É certo que existem alguns lapsos de pormenor que em nada abalam a qualidade global do texto.
Um desses, tem a ver com o termo da Rua Nossa Senhora do Amparo que, no seu texto, o Pe. Carneiro localiza na rotunda de Acesso à A41 (na «Chã dos Olhos»), quando na realidade, esse termo se localiza bem mais serra acima, no limite de freguesia com Sobrado, num local conhecido como os «Sete Caminhos» onde esta rua intercepta o antiquíssimo caminho do Susão a Agrela, pela linha de cumeada.
A Rua Nossa Senhora do Amparo corresponde, portanto, ao troço da estrada municipal 606, em território alfenense, iniciando-se no actual Largo da Codiceira (no antiquíssimo lugar do Belido) e terminando no já citado lugar dos Sete Caminhos, no limite da freguesia. Esta estrada foi construída em dois momentos diferentes do tempo para substituir o antigo caminho de Transleça para Sobrado.

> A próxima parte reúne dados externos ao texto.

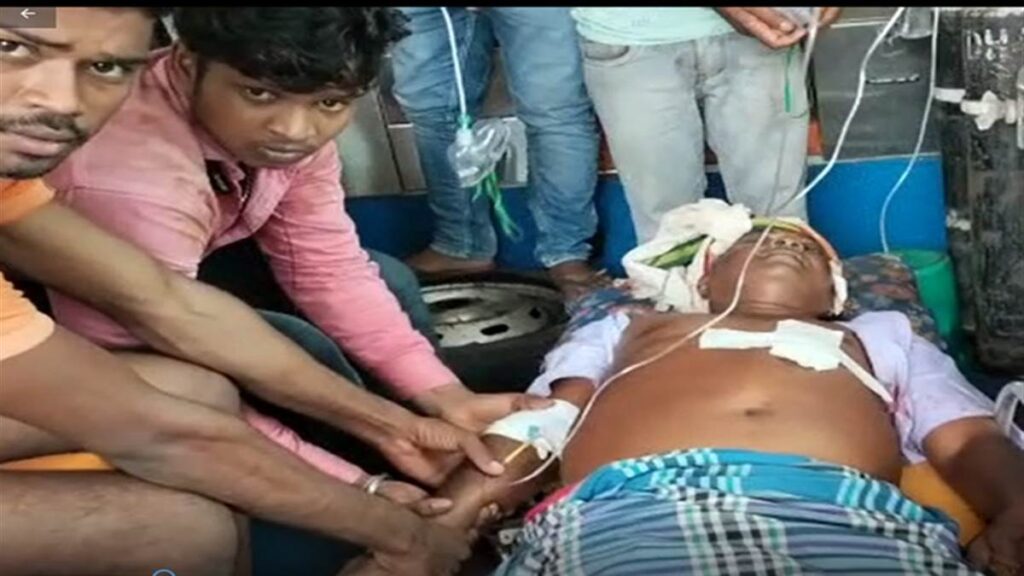 नक्‍सलियों ने पूर्व सरपंच के सीने पर बंदूक टिकाकर मारी गोली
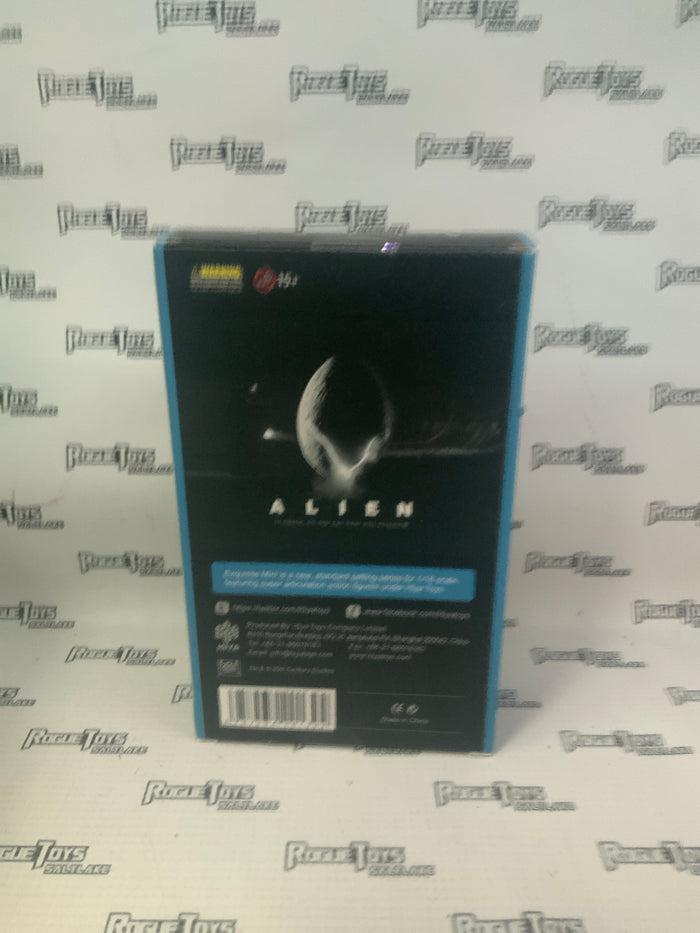 Hiya Toys Exquisite Mini Alien Ripley In Spacesuit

O troço mais antigo entre o Souto de Transleça (actual Largo de Nossa Senhora do Amparo) e os Sete Caminhos foi construído nos anos 30 ou 40, do Século XX com recurso à mão-de-obra disponível dos mineiros da lousa, cuja actividade normal tinha sido seriamente restringida pela Grande Depressão. Muito provavelmente foram usados fundos provenientes das reparações recebidas da Alemanha por compensação pelos custos da I Guerra Mundial, daí que a estrada passasse a ser conhecida como «a estrada dos alemães» (esta última informação é apenas uma hipótese que ainda está a ser alvo de estudo e confirmação).
O troço mais recente liga o Souto de Transleça ao Belido incluindo a nova travessia do Leça em substituição do anterior pontão e, como podemos ler no artigo do Pe. Carneiro, foi inaugurado em 21 de Julho de 1968. Este troço tem ainda a particularidade de ter atravessado pelo meio de duas importantes casas de lavoura de Transleça (do Tomé e do Rocha), anteriormente encostadas uma à outra, mas divididas após a construção da estrada. Ainda hoje podemos observar as alterações introduzidas na arquitectura das duas casas, no cruzamento das Ruas Nossa Senhora do Amparo, São Tomé e Vasco da Gama. Maior detalhe acerca deste assunto pode ser consultado no libreto IV, publicado em Julho último pela nossa Associação.
Arnaldo Mamede
Novembro de 2019.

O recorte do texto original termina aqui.